Cláudio Alberto Souza, 27, e o filho Ítalo caminham no meio do aglomerado de gente. "Nem sempre tenho tempo para vir passear na feira nos domingos. Faço trabalho voluntário num asilo e também no centro de umbanda Caboclo Beira Mar. Participo das atividades e do atendimento social", diz. Carla Marília Menezes, estudante de Jornalismo, também gosta de passear na feira. "Venho à feira pra ficar no meio do povo no fuá", diz.


Cláudio Alberto leva seu filho Ítalo para passear na feira

Mônica Rodrigues de Oliveira diz que vai à feira quase todos os domingos, e considera a feira da Abadia folclórica. "Às vezes venho só pra passear, mas acabo comprando uma coisinha", afirma. Uma feirante, que preferiu não se identificar, disse que muitas pessoas tem vergonha de visitar esse espaço. "Feira, nas capitais, todo mundo vai! Aqui em Uberaba, as madames têm preconceito e nunca vêm. Por exemplo, às vezes vão em floricultura chique, pagam caro por flores às vezes murchas, mas não vêm comprar na feira de jeito nenhum", diz.

Um cachorro preferiu rodear a pastelaria. Dona Maria Aparecida está lá na frente, dando tapa em bunda de homem. Logo chegaremos nela. Farinha de soja, sacos de milho, feijão branco e preto, óculos de sol, laranja, baculejo (êpa!), doce de pêssego em calda, um ambulante fincou uns espetos de algodão doce e amarrou umas bexigas num pau e anda pra lá e pra cá, encontra-se com outro vendedor de algodão doce, que joga conversa fora com um vendedor de sorvete da marca Ki-sorvete, em frente à II Igreja Presbiteriana de Uberaba.

Ovos caipira - R$1,50 a dúzia. TEMOS OVOS DE PATA. Mata mosca, CD. Galinhas vivas na carroça gradeada, uma menina segura um algodão doce ainda fechado e chupa a pontinha do plástico, boné das Garotas Superpoderosas. Dois patos em uma gaiola, sentados sobre um monte de alface, observam o movimento, meio apreensivos. "Tem gente de todo tipo. Até político", diz alguém.

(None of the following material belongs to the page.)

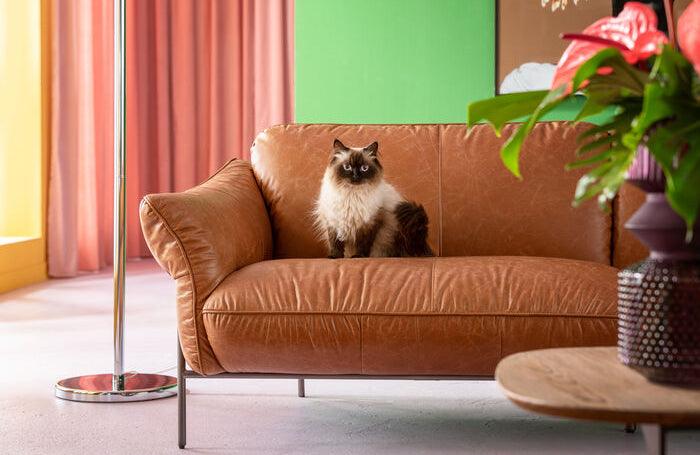 Napa Brown Leather Sofa - WOO .Design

Um morador da avenida Prudente de Morais reclama da sujeira deixada pela feira na tarde de domingo. "Minha mãe mora bem em frente à feira. Todo domingo ela quase tem um tico-tico", diz.

Macaquinho de pelúcia, espada de plástico "Dragões do Deserto", cueca. Churrasquinho morno na churrasqueira. Bonequinho do Chapolim que faz bolinha de sabão. A feira não acaba. Calças de moleton, martelo, tamancos, roupas coloridas dispostas sobre um plástico alaranjado, cortador de legumes universal, sacas de cebola. "Ó, hoje eu tô doido! Três baldes por dois reais, hein! Hoje eu tô doido, hein! Eu tô doido!", grita o feirante. Aí está, finalmete, dona Maria Aparecida, baixinha, pedindo coisas e sorrindo para as pessoas.